Michael Bay's strong suit has never been humor and, admittedly, a lot of what is attempted humor here doesn't quite work and is more than a little silly. But if one of the worst sins of a movie based on a line of kid's toy cars that transform into robots is that some of the jokes are silly, is that all so bad? And look, I'll be the first to admit that this movie doesn't do its female characters many favors. I'm not trying to stand on a hill and declare this thing a masterpiece.

That said, there is a lot to like here. Michael Bay has always been known for his particular brand of action and the action sequences in this movie deliver. That highway sequence in particular with Optimus taking out Bonecrusher is nuts. What is better suited for Bayhem than giant robot destruction? Bay also manages to capture the destructive capability and fear that would accompany these beings. Steve Jablonsky provides an absolutely phenomenal score, which should not be overlooked even by those who still want to roll their eyes and groan about this movie. There is some meat on these bones.

No, Bumblebee is not a VW bug and Optimus has flames on him, but does that take away from the larger charms this movie has to offer? Looking back eleven years ago, the idea of seeing Optimus Prime truly come to life was unthinkable until it happened. It's easy to overlook some flames in favor of how genuinely magical that felt to many people who grew up loving these toys and the show. Sure, Marvel taught us the value of being more faithful to these sorts of properties in the years that would follow, but the time that this movie was made must be taken into account.

I'm not arguing that everyone should now love this movie. But here's the thing; do we blame Jurassic Park for the problems on display in its lesser sequels? Do we hate on Alien and Aliens because there have been questionable entries in that franchise? I'm not saying that Transformers is on the level of those movies. Not by a long shot. Though, I am saying that it shouldn't be blamed for sins of its very bad sequels.

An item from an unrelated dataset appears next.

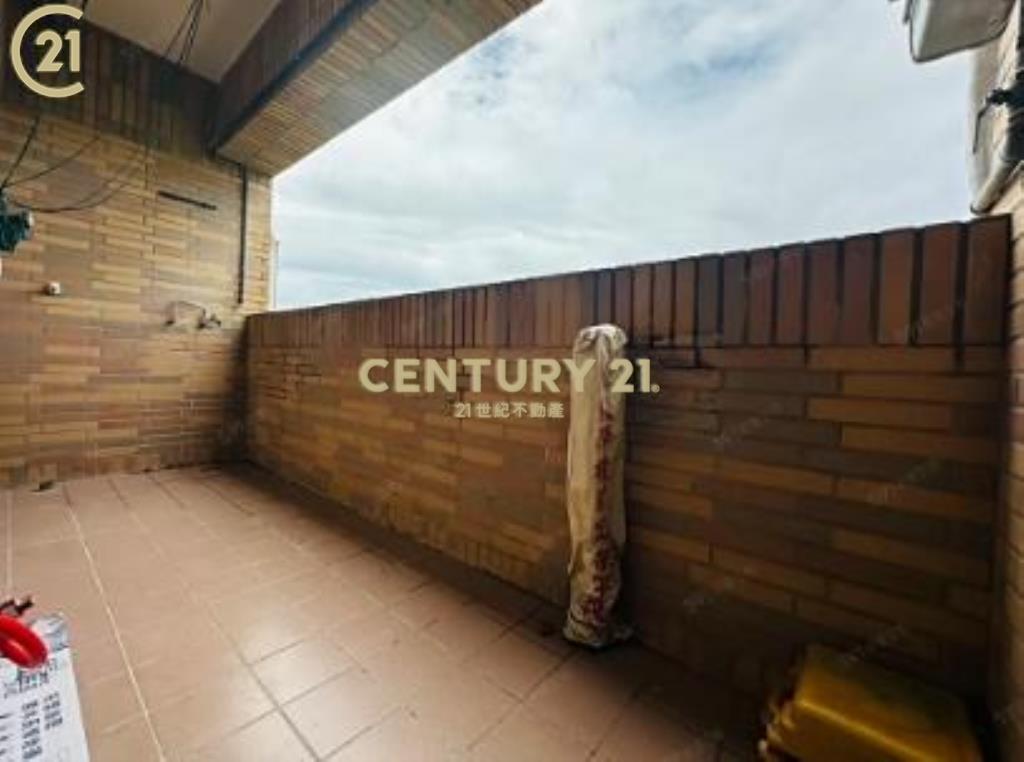 龍安國小全新裝潢美3房 桃園中壢房價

With Bumblebee, it appears that the franchise has turned a corner. Now, this series can benefit from some new perspectives and learn some lessons from the last decade. And I'll be the first to admit we need to do our best to wipe movies like Revenge of the Fallen and The Last Knight from our minds. But let's not hastily lump Transformers in with those much lesser movies just because it's associated with them. Paramount turned a children's toy line into a big, fun, successful blockbuster. If this movie could exist on an island (and I understand that it can't) that would be more impressive. I love Transformers. I'm not asking that you do as well. But maybe don't treat it as though it's one of the worst things that ever happened to cinema.